• _About this exercise_
Pictures within the data are to be left out; everything else must be reproduced exactly.

• _The records_

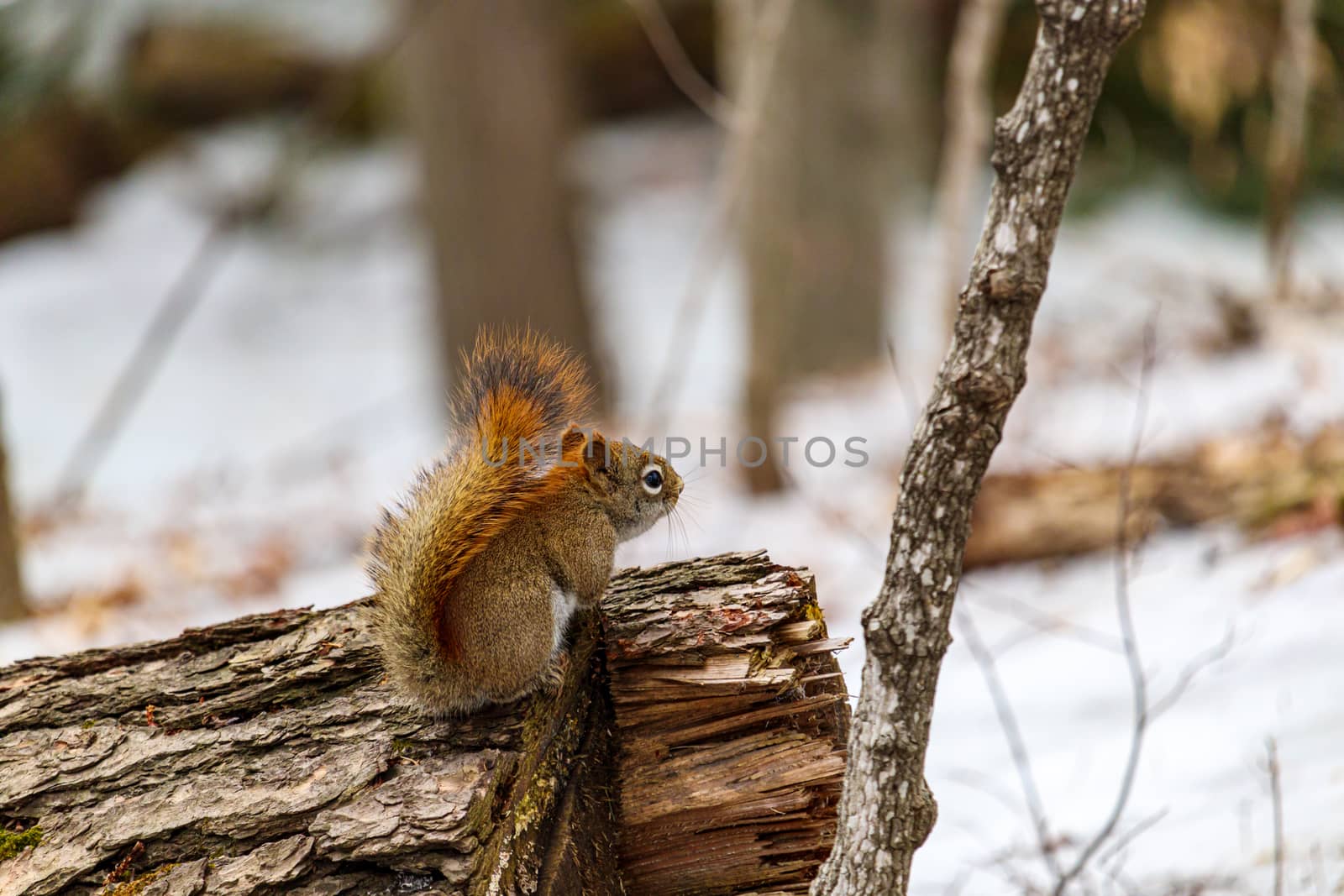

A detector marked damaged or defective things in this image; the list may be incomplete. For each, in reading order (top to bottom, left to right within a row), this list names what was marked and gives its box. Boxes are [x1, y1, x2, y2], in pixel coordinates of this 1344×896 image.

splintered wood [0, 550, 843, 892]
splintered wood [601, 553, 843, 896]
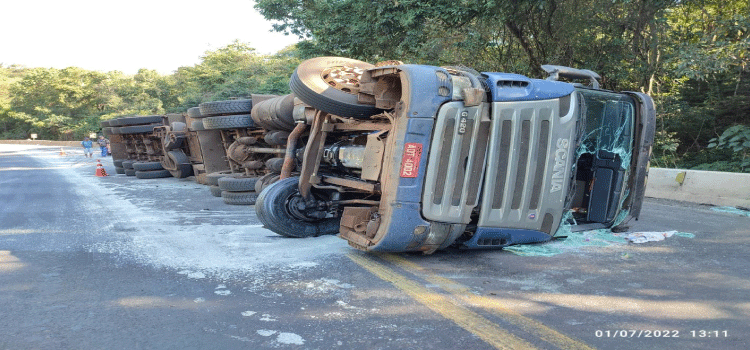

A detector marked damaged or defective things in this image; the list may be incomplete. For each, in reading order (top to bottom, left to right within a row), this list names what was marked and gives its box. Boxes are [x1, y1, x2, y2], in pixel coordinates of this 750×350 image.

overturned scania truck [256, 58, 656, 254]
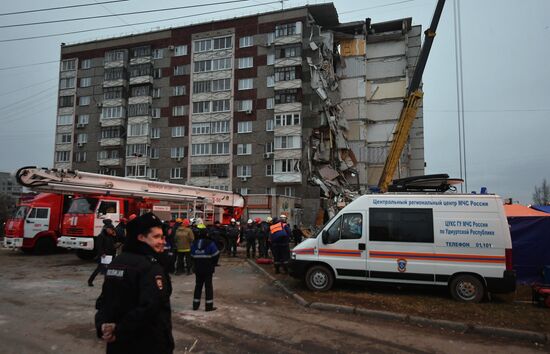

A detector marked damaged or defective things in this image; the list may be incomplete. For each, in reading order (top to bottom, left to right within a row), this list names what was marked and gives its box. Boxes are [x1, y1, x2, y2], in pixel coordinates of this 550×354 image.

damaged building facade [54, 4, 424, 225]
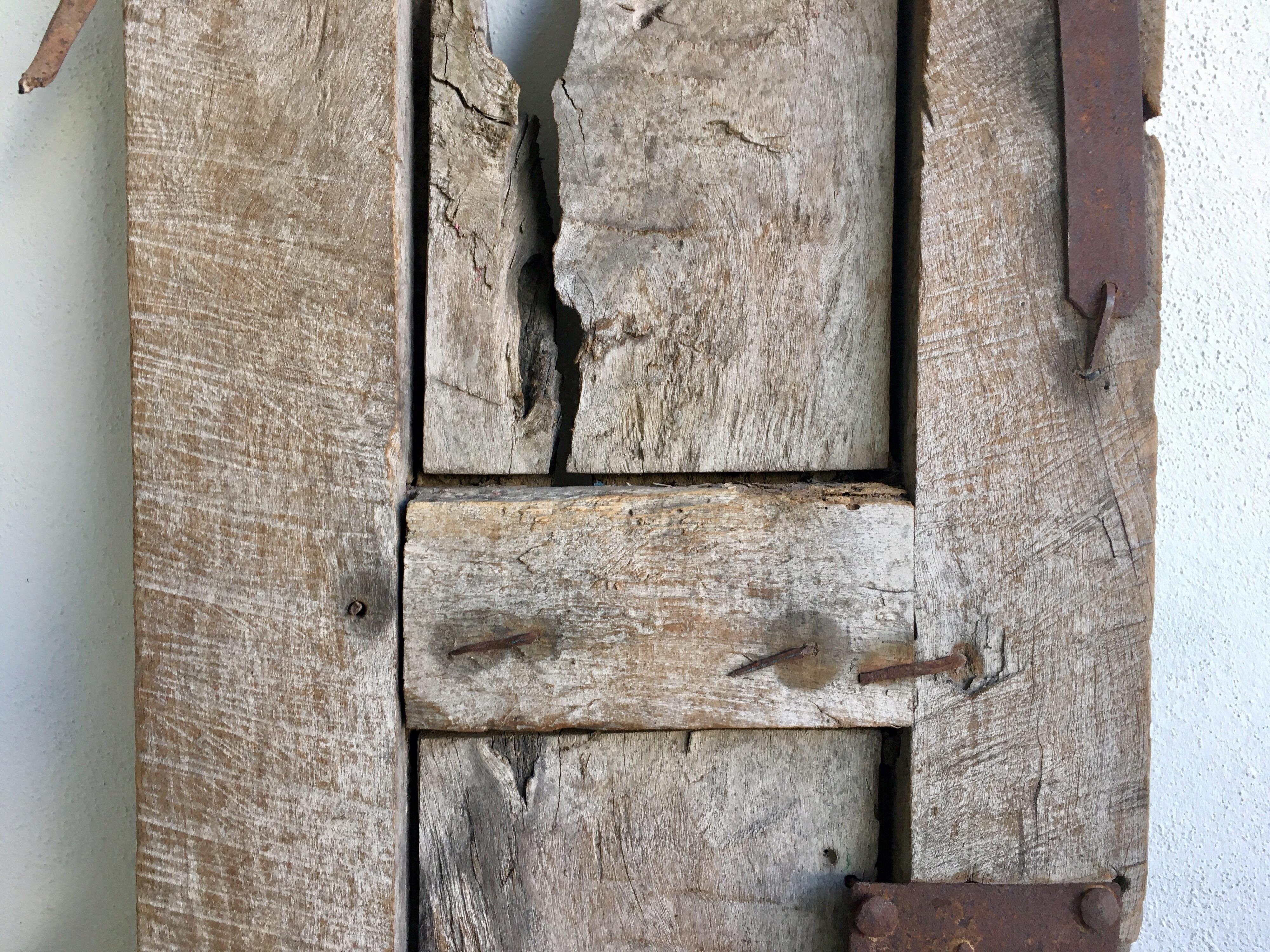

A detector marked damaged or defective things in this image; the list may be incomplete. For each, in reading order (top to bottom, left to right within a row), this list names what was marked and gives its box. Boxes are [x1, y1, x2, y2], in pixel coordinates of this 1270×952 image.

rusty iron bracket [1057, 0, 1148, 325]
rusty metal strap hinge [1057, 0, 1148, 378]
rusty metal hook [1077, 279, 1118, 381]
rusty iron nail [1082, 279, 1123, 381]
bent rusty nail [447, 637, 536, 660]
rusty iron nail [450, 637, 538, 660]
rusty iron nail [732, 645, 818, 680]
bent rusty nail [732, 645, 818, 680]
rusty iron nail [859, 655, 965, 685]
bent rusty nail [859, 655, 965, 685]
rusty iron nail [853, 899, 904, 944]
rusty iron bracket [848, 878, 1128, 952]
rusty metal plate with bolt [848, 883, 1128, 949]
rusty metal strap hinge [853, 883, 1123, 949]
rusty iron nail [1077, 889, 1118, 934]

• _Expected output_
A detector marked damaged or defective things in this image; the list may be incomplete. For each, in reading order (top to bottom, left to right within a row), this list names what was marked and gives its box. Boxes are [x1, y1, x2, y2], in pixel coordinates of this 1344×896 image.

splintered wood [0, 550, 843, 892]
splintered wood [601, 553, 843, 896]

A detector marked damaged or defective things in this image; the list may be incomplete. For each, in reading order (top to bottom, left to right within a row), this list names what was marked and gives its box. Boxes are [x1, y1, x2, y2], in pixel coordinates of this 750×350 image.

overturned scania truck [256, 58, 656, 254]

A detector marked damaged or defective things in this image; the list may be incomplete. For each, in reading order (top to bottom, left to right within a row), this list names what was marked and gives its box. Boxes are [x1, y1, x2, y2], in pixel coordinates of this 550×354 image.

damaged building facade [54, 4, 424, 225]

A detector marked damaged or defective things in this image; the list may be incomplete. For each, in reading order (top to bottom, left to right within a row), this list names what was marked and gives its box. Boxes are [x1, y1, x2, y2], in pixel coordinates of this 1270×952 image.

rusty iron bracket [1057, 0, 1148, 325]
rusty metal strap hinge [1057, 0, 1148, 378]
rusty metal hook [1077, 279, 1118, 381]
rusty iron nail [1082, 279, 1123, 381]
bent rusty nail [447, 637, 536, 660]
rusty iron nail [450, 637, 538, 660]
rusty iron nail [732, 645, 818, 680]
bent rusty nail [732, 645, 818, 680]
rusty iron nail [859, 655, 965, 685]
bent rusty nail [859, 655, 965, 685]
rusty iron nail [853, 899, 904, 944]
rusty iron bracket [848, 878, 1128, 952]
rusty metal plate with bolt [848, 883, 1128, 949]
rusty metal strap hinge [853, 883, 1123, 949]
rusty iron nail [1077, 889, 1118, 934]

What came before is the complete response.